Chromatin condensation during terminal erythropoiesis

Baobing Zhao 1, Jing Yang 1, Peng Ji 1
PMCID: PMC5120594  PMID: 27579498

ABSTRACT

Mammalian terminal erythropoiesis involves gradual but dramatic chromatin condensation steps that are essential for cell differentiation. Chromatin and nuclear condensation is followed by a unique enucleation process, which is believed to liberate more spaces for hemoglobin enrichment and enable the generation of a physically flexible mature red blood cell. Although these processes have been known for decades, the mechanisms are still unclear. Our recent study reveals an unexpected nuclear opening formation during mouse terminal erythropoiesis that requires caspase-3 activity. Major histones, except H2AZ, are partially released from the opening, which is important for chromatin condensation. Block of the nuclear opening through caspase inhibitor or knockdown of caspase-3 inhibits chromatin condensation and enucleation. We also demonstrate that nuclear opening and histone release are cell cycle regulated. These studies reveal a novel mechanism for chromatin condensation in mammalia terminal erythropoiesis.

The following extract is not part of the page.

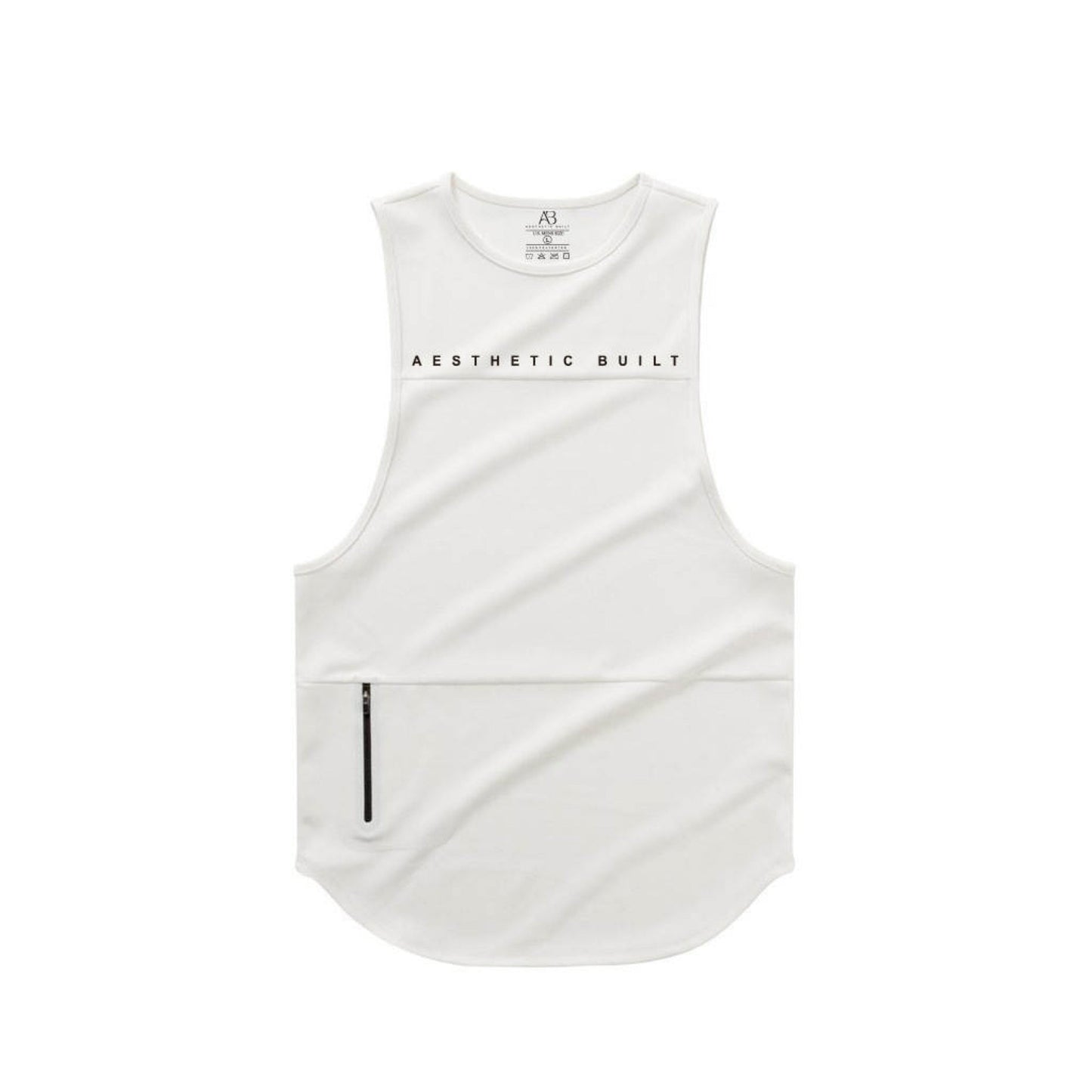 White Perfect Muscle Zipper Pocket Tank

KEYWORDS: chromatin condensation, erythropoiesis, enucleation, caspase-3, histone release, nuclear opening

Introduction

Erythropoiesis involves a stepwise process that includes differentiation of committed Burst Forming Units -Erythroid (BFU-Es) to Colony Forming Units -Erythroid (CFU-Es). Differentiation from CFU-Es to mature red blood cells, generally termed terminal erythropoiesis, is driven by multiple erythropoietin (Epo) induced signal transduction pathways. These pathways act individually or collectively to activate or repress genes that regulate cell differentiation, proliferation and inhibit apoptosis.1 During erythropoiesis the chromatin gradually condenses. Nuclear and chromatin condensation is thought to be critical for red cell terminal differentiation and final enucleation.2 Extrusion of the highly condensed nucleus is significant for the development of mammalian erythrocytes. The enucleated red blood cells, therefore, could gain more spaces for hemoglobin enrichment and flexibilities to pass through terminal capillaries with diameters often smaller than those of the red cells.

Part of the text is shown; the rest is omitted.